John Corneby Wilson Austin 1870 – 1963 Master Architect of Southern California

John Corneby Wilson Austin was born and educated in Oxfordshire England. He apprenticed with architectural offices in England, Philadelphia and San Francisco before arriving in Los Angeles in 1895. Without college or academic architectural training, Austin nevertheless began a stellar career in Southern California that spanned more than 50 years. He is responsible for the design of many large public projects, including two of LA’s most iconic buildings, City Hall and the Griffith Observatory.

Austin became a major mover and shaker in booming 20th century Los Angeles, and beyond his architectural practice, was active in many civic organizations. At various times he served as president of the Los Angeles Chamber of Commerce, the Southern California Historical Society, the Board of Architectural Examiners, and the local American Institute of Architects chapter. He also served on the National Labor Relations Board, and was a founding member of LA’s exclusive Johnathan Club.

Engagement in so many civic organizations must certainly have helped Austin secure a range of prominent large-scale projects. Being a prominent Shriner (he was a 32nd degree Mason), may have helped him secure one of his major projects: the Shrine Auditorium. However, it was certainly the quality of his work that cemented his reputation.

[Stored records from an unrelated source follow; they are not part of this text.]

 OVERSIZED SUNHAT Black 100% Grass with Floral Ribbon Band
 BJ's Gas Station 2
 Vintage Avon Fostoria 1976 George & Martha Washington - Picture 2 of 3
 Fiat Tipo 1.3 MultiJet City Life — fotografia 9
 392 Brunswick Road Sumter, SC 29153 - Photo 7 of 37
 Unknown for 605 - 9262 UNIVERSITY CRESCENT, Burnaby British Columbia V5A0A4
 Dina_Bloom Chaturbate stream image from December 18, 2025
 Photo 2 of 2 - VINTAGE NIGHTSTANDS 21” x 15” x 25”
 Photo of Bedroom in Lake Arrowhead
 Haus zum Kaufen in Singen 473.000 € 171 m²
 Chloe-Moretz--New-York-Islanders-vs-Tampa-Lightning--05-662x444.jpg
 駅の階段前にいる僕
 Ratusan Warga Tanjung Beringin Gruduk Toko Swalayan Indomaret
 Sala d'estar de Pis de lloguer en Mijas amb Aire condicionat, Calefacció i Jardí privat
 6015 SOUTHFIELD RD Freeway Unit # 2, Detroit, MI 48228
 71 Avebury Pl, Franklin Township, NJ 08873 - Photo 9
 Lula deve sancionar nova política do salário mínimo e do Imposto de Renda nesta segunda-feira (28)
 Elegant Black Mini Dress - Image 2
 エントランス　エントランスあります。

As the Great Depression deepened, Austin advocated for federal spending as a way to stimulate the economy. In April 1930, a letter from Austin to President Herbert Hoover was published in the Los Angeles Times. In it, Austin proposed the creation of an emergency fund, raised by taxation or appropriation, to be used to develop public improvements and provide needed employment. He followed up with a trip to Washington to lobby Congress and the Hoover administration to initiate federal construction projects in Los Angeles, arguing that such programs were needed so good citizens would not “fall prey to the propaganda of Communists and agitators against our institutions.” Hoover put him in charge of coordinating the federal government’s unemployment relief efforts in ten Southern California counties.
Austin died at the home he had built for his family on Arden Road in Pasadena in 1963.